I am not a natural mom. I was somehow surprised by my pregnancy — despite the fact that I’m a lesbian — and even after a year and change, I still feel clobbered by the relentlessness of parenthood. Despite this, despite knowing that the task of raising children is unimaginably hard, I still occasionally catch myself criticizing other women as they parent. I indulge in judgment reflexively because it scratches an animal itch, and because someone keeps sending their nanny to do their shifts for our playgroup co-op.
Judgment is a unifying force. We each endure it and impose it: on Seamless orders, Amazon purchases, and mothers. Especially mothers. A friend once confessed to me that the only real parental fear she’d experienced was mothering in public. Though she and her kid are both thriving and happy, she knew it wouldn’t be long before someone found a reason to wag a finger or raise an eyebrow across the playground. It’s a rite of passage for moms.
It’s no surprise that we take particular delight in judging mothers, who are women with power. As a country, and maybe as a species, we still look for men at the top of every power structure. Motherhood frustrates that expectation. To complicate things still further, witnessing motherhood reminds spectators of their own mothers — their successes, their failures, and the chasm of unmet needs and small slights that so many of us carry from childhood. No wonder we consider female parenthood fair game for public comment, like the weather or the subway.
Of course, motherhood is impossible to perfect. Some days, it feels like doing a triathlon with bears chasing you while holding in your pee. Congratulations are in order if you and the kid are merely alive at 7 p.m., albeit both tear-stained and stinky. Knowing this first-hand, it’s no surprise that my heart has softened since my son was born. I have a big marching-band Fuck You for anyone who says it’s not cool to leave your 3-month-old strapped into a bouncer on the bathroom floor while you shower. Lately, I even leap to the defense of those much-maligned women who nurse children old enough to ask for it. Like so many choices women make, breastfeeding has a razor-thin margin of cultural acceptability: Don’t do it and you’re selfish; do it for too long and you’re a creep. Not to mention the fact that judging toddler nursing is a particularly lavish hypocrisy.
My scope of vision has also expanded in the last 16 months. A few years ago, I watched a 3-year-old on a subway platform exclaiming gleefully at the lights in the tunnel while his mom stared at her phone stone-faced. She’s gonna regret that, I thought, feeling sad for the kid. In ten years nothing will impress him, and if it does, he’s not gonna tell her about it. Now that my son is a toddler, I replay the scene with the mother in the lead role. Had the kid just flailed around and punched her in the face, his tiny fist landing squarely on her eye? Had he refused to eat at daycare, then cried when he threw the only snack in her purse onto the floor of the train? I feel sad for the kid. But I also feel sad for his mother.
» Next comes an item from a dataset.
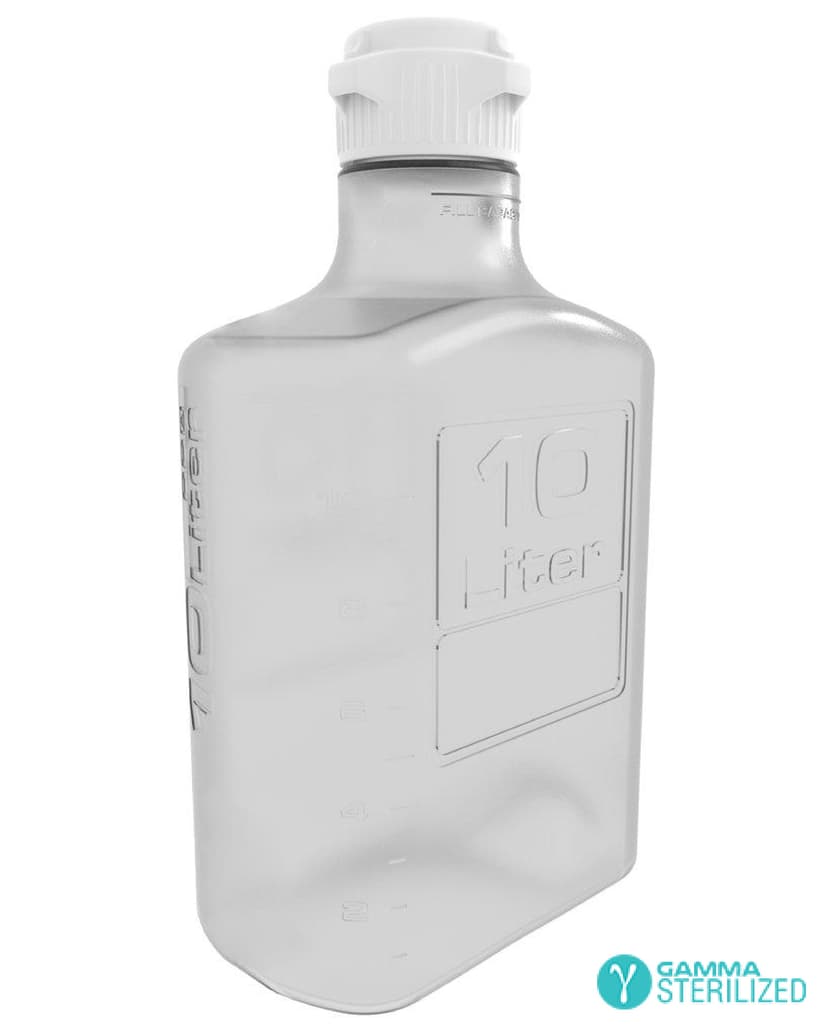 EZBio® 10 L (2.5 Gal) Gamma Sterilized Double Bagged Autoclavable Polycarbonate (PC) Space Saving Carboy with 83 mm (83B) VersaCap® and 13 L Max Capacity, Large Pinched Handles, 1/EA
That’s the thing — so much of what we interpret as questionable mothering is actually female self-care. A toddler’s Tampico-and-M&M dinner on the R train might buy a girl a few much-needed minutes of silence to respond to work emails and avoid getting fired. The 5-year-old with a pacifier and a tablet blaring cartoons is leaving his mom alone so she can finish her homework and get her degree. And of course, racism and classism — mine included — fuels a lot of our judgments. Love and humor and generosity of spirit look different in different families.
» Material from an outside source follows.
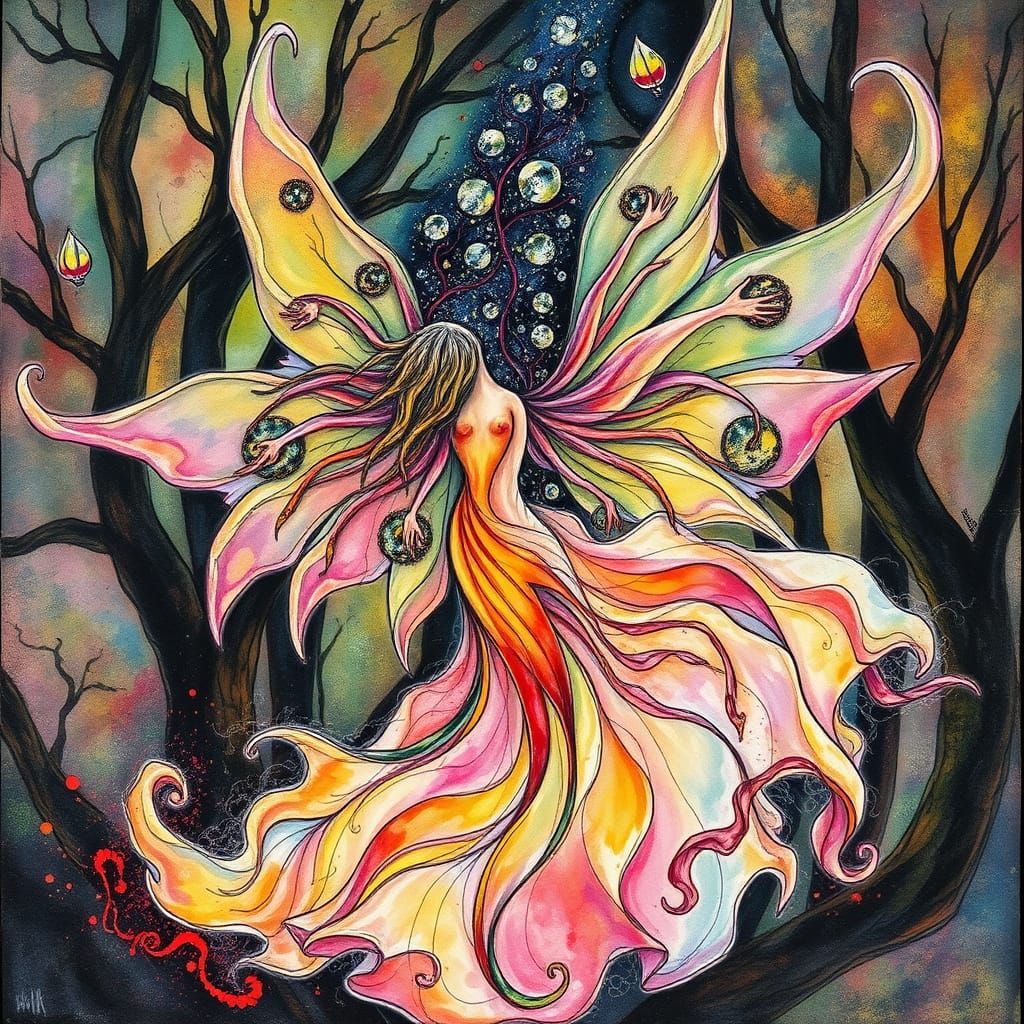 Surreal Forest Goddess in a Dreamlike, Abstract Landscape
Still, I catch myself judging. Like breathing, I’m only aware of it when I stop and consciously focus. The messages issue up whether I want them to or not: Leggings aren’t pants. Milk should be pasteurized. You’re letting him watch that?! Some of it, arguably, is useful. We can all learn from each other’s mistakes. And the judgments that I point in my own direction, as I offer my kid a biscuit or a boob to keep him from crying, or cue up another “educational” video on YouTube, aren’t totally unfounded. But at the end of a long day, when I’ve been too busy to notice there’s a human turd on my carpet, I begin to let them go. I’m alive, he’s alive. We’ve made each other smile. That’s enough.